There are over 500,000 pieces of debris in Earth orbit
placed there by humans. Fortunately,
space is big and the probability of anything colliding with this junk is low –
but it isn’t zero. This was illustrated
in the near miss between NASA’s Fermi Gamma Ray Telescope and a derelict Soviet
spy satellite that nearly collided with it last year. The NASA mission controllers had to maneuver
the spacecraft out of the way or it would have been hit, and destroyed, by the
collision in much the same way an American Iridium Satellite was destroyed by a
defunct Soviet-era Cosmos satellite in 2009.
That collision shattered both satellites and places thousands more
pieces of debris into orbits that will last hundreds, if not thousands, of
years. The relative speed between the satellites when they collided was about
26,000 miles per hour.
The first junk entered space at the dawn of the space age
when we began launching our first rockets.
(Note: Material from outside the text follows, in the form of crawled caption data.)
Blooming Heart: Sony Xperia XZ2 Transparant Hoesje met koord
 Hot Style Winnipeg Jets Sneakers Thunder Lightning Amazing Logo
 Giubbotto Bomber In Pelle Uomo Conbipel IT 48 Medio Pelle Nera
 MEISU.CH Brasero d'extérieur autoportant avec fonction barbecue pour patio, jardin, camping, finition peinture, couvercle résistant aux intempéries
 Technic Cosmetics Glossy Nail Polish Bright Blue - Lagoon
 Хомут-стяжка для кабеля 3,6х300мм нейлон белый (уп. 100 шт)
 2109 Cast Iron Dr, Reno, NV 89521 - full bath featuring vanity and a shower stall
Only recently have several countries agreed to try and stop the growth
of space debris by limiting the amount of time a new satellite may remain in
orbit after it completes its mission.
This usually means the owner of the spacecraft has to make sure it
either de-orbits and burns up in the atmosphere or is moved to a higher ‘parking
orbit’ out of harm’s way. But not all
countries have signed up and that’s a problem.
The amount of debris is still growing and the probability of
more collisions happening grows with it.
If we don’t do something, then there will come a day that there is so
much junk up there that any new satellite will be hit shortly after it launches
and we will lose the benefits of space entirely.